1. How American Health Care Killed My Father. From The Atlantic. Choice quotes:

All of the actors in health care--from doctors to insurers to pharmaceutical companies--work in a heavily regulated, massively subsidized industry full of structural distortions.

For fun, let's imagine confiscating all the profits of all the famously greedy health-insurance companies. That would pay for four days of health care for all Americans. Let's add in the profits of the 10 biggest rapacious U.S. drug companies. Another 7 days.

Health Insurance Isn’t Health Care

You Are Not the Customer

2. John Mackey's (CEO and Founder of Whole Foods) WSJ editorial.

3. Essays by Megan McArdle, business editor of the Atlantic.

I don't agree with everything written by every one of these guys, but I think they're a lot closer to write than anyone that's proposing law these days.
 
Here's my required reading list for understanding why health care is fucked up (and yet, it could still get a lot worse), and what should be done about it.

1. How American Health Care Killed My Father. From The Atlantic.

That was a good read, thanks. But as the author himself observed, his suggestions aren't politically feasible. For better or worse, our system of government isn't built to make radical changes. Incremental change is the best we can hope for.

barfo
 
"Health Insurance Isn’t Health Care"

That says it all.

At some point, the insurance companies must have figured that preventative care was good for profits. I don't see why people can't pay $35 once in a while or $100, to visit a doctor. Insurance should be there to help you in case of a catastrophe. Maybe if the deduction were $10K, an amount that shouldn't bankrupt people (people charge more on their charge cards...), the rates would go way down, and when you need that expensive operation, the insurance would cover it.
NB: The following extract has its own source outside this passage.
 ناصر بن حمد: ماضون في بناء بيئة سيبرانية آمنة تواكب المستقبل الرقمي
The $35 copays and $20 prescriptions are some twisted way to have health care provided.

If the individual actually paid the doctor like in the old days, the costs wouldn't be so great.
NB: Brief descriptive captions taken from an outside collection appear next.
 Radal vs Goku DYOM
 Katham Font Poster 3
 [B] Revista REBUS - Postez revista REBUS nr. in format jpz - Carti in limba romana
Interesting thing is there's heavyweight corporations, like out of Atlas Shrugged, duking this one out. You have Pharma on one side and the insurance companies on the other. What does Pharma stand to gain? Guaranteed revenues and profits for life, backed by the full faith of the US government.

Evolution can be a bitch. Sick people go to the hospital, and we treat the bugs with anti-bug drugs. They adapt and we need stronger anti-bug drugs to kill them. When they're so tough to kill, it's easier for them to kill.
 
Ya know, the real problem is that there is no real answer to making health care affordable, fair and without rising costs year in and year out. None.
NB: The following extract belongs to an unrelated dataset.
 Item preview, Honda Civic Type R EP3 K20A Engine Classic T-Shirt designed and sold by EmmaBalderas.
Clearly, government health care is easily the worst possible solution. Costs far above private health care, worse care, slower care, it becomes a purely political process that ensures we remain with staggering debt until it forces the country into insolvency.

Private health care, for profit, creates it's own layers of beauracracy (misplelled?) and shareholders must be appeased. That, in and of itself, runs counter to the service they're supposed to be providing.

Doctors, hospitals, pharmacutical companies, plaintiff attorneys... are all too often greedy for gain and seek to rip off the carriers as well as government. You might be surprised how much overcare goes on. Month after month we read about plaintiff attorneys and doctors or chiropractors that stole millions of dollars in phoney scams...

In addition, there are unfathomable cost over runs in all areas of medicine.

All the government reform in the world isn't going to cure the situation.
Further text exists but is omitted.